The simplest qube-config.json we can define for this data set is:

{
    "$schema": "https://purl.org/csv-cubed/qube-config/v1",
    "title": "Arthur's Bakes stores in UK cities from 2020 to 2022",
    "description": "The number of Arthur's Bakes stores in cities across the UK between 2020 and 2022.",
    "creator": "https://www.gov.uk/government/organisations/hm-revenue-customs",
    "publisher": "https://www.gov.uk/government/organisations/hm-revenue-customs",
    "columns": {
        "Year": {
            "type": "dimension"
        },
        "Location": {
            "type": "dimension"
        },
        "Value": {
            "type": "observations"
        },
        "Status": {
            "type": "attribute"
        },
        "Measure": {
            "type": "measures"
        },
        "Unit": {
            "type": "units"
        }
    }
}

It is possible to use the configuration by convention approach to generate a valid standard shape cube without defining a qube-config.json at all.
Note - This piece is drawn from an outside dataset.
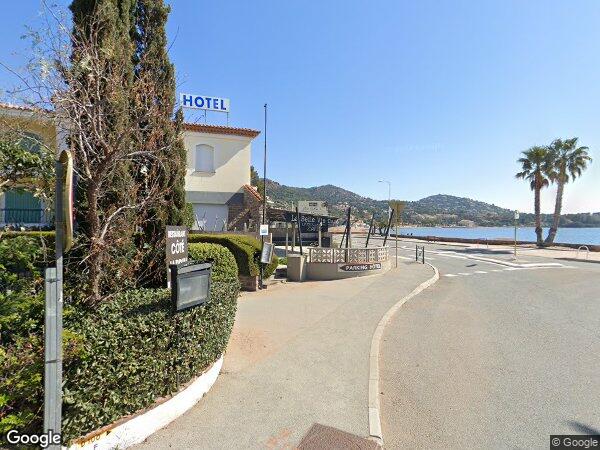 UN STUDIO ET UNE PLACE DE STATIONNEMENT PRIVATIVE EXTERIEURE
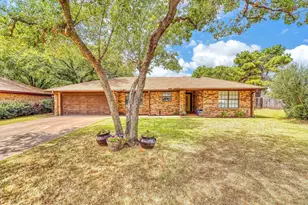 2612 English Dr, Vernon, TX 76384 - Photo 2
Just ensure that your columns use the conventional column names appropriate to their type.

Multiple Measures

One of the benefits of the standard shape is that it is relatively straightforward to add new measure types and unit types; all that you have to do is add additional rows to your data set with the appropriate units and measures present.

We can extend our example data set so that it now includes revenue values for the given year by adding rows to the table:

Year Location Value Status Measure Unit
2022 London 35 Provisional Number of Arthur's Bakes Count
2022 London 25 Provisional Revenue GBP Sterling, Millions
2021 Cardiff 26 Final Number of Arthur's Bakes Count
2021 Cardiff 18 Final Revenue GBP Sterling, Millions

Note that extending the data set to include multiple measures does not require any changes to the qube-config.json column definitions.

The same data could be represented in the equivalent multi-measure pivoted shape as follows:

Year Location Number of Arthur's Bakes Number of Stores Status Revenue Revenue Units Revenue Status
2022 London 35 Provisional 25 GBP (Sterling) Provisional
2021 Cardiff 26 Final 18 GBP (Sterling) Final